2001-03-04 22:17:49

by Kenn Humborg

[permalink] [raw]
Subject: kmalloc() alignment


Does kmalloc() make any guarantees of the alignment of allocated
blocks? Will the returned block always be 4-, 8- or 16-byte
aligned, for example?

Later,
Kenn


2001-03-04 22:32:20

by Alan

[permalink] [raw]
Subject: Re: kmalloc() alignment

> Does kmalloc() make any guarantees of the alignment of allocated
> blocks? Will the returned block always be 4-, 8- or 16-byte
> aligned, for example?

There are people who assume 16byte alignment guarantees. I dont think anyone
has formally specified the guarantee beyond 4 bytes tho

2001-03-04 22:41:42

by Manfred Spraul

[permalink] [raw]
Subject: Re: kmalloc() alignment

>
> Does kmalloc() make any guarantees of the alignment of allocated
> blocks? Will the returned block always be 4-, 8- or 16-byte
> aligned, for example?
>

4-byte alignment is guaranteed on 32-bit cpus, 8-byte alignment on
64-bit cpus.

--
Manfred

2001-03-05 09:40:40

by Rogier Wolff

[permalink] [raw]
Subject: Re: kmalloc() alignment

Alan Cox wrote:
> > Does kmalloc() make any guarantees of the alignment of allocated
> > blocks? Will the returned block always be 4-, 8- or 16-byte
> > aligned, for example?

> There are people who assume 16byte alignment guarantees. I dont
> think anyone has formally specified the guarantee beyond 4 bytes tho

What does "formally specified" mean?

As far as I know, you can count on 16-bytes alignment from
kmalloc. The trouble is that you would have to keep the original
pointer and free that if you have to do the "round" yourself.
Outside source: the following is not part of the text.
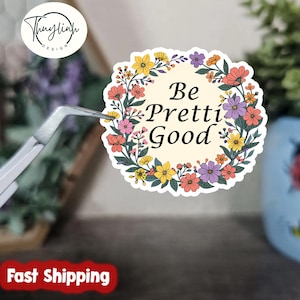 May include: A circular sticker with a floral border in shades of pink, yellow, orange, and purple. The sticker has the words "Be Pretti Good" in a black, elegant font. The sticker is being held by a pair of silver tweezers.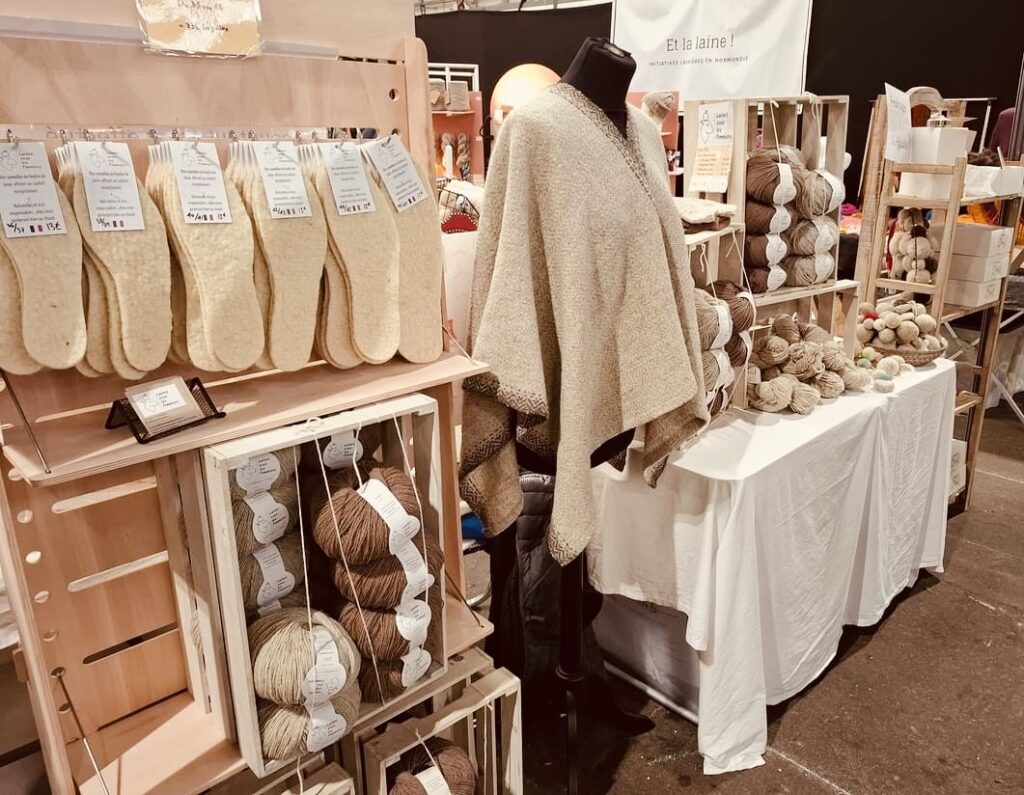 Exposition de produits en laine, dont des chaussons et des pelotes, soulignant la durabilité et l'artisanat de Laines sous les Pommiers.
I once wrote a kmalloc(*) that would allow you to free any pointer
inside the kmalloc-ed area. This is dangerous as freeing a random
pointer is more likely to "work". But in this case it would be very
convenient.

Roger.

(*) Too buggy for anyone but me.

--
** [email protected] ** http://www.BitWizard.nl/ ** +31-15-2137555 **
*-- BitWizard writes Linux device drivers for any device you may have! --*
* There are old pilots, and there are bold pilots.
* There are also old, bald pilots.

2001-03-05 13:22:35

by Alan

[permalink] [raw]
Subject: Re: kmalloc() alignment

> As far as I know, you can count on 16-bytes alignment from
> kmalloc. The trouble is that you would have to keep the original

Actually it depends on the debug settings


2001-03-05 13:22:55

by Rogier Wolff

[permalink] [raw]
Subject: Re: kmalloc() alignment

Alan Cox wrote:
> > As far as I know, you can count on 16-bytes alignment from
> > kmalloc. The trouble is that you would have to keep the original
>
> Actually it depends on the debug settings

Actually THAT's a bug in the debug stuff....

Roger.


--
** [email protected] ** http://www.BitWizard.nl/ ** +31-15-2137555 **
*-- BitWizard writes Linux device drivers for any device you may have! --*
* There are old pilots, and there are bold pilots.
* There are also old, bald pilots.

2001-03-06 00:07:33

by Kenn Humborg

[permalink] [raw]
Subject: Re: kmalloc() alignment

On Sun, Mar 04, 2001 at 11:41:12PM +0100, Manfred Spraul wrote:
> >
> > Does kmalloc() make any guarantees of the alignment of allocated
> > blocks? Will the returned block always be 4-, 8- or 16-byte
> > aligned, for example?
> >
>
> 4-byte alignment is guaranteed on 32-bit cpus, 8-byte alignment on
> 64-bit cpus.

So, to summarise (for 32-bit CPUs):

o Alan Cox & Manfred Spraul say 4-byte alignment is guaranteed.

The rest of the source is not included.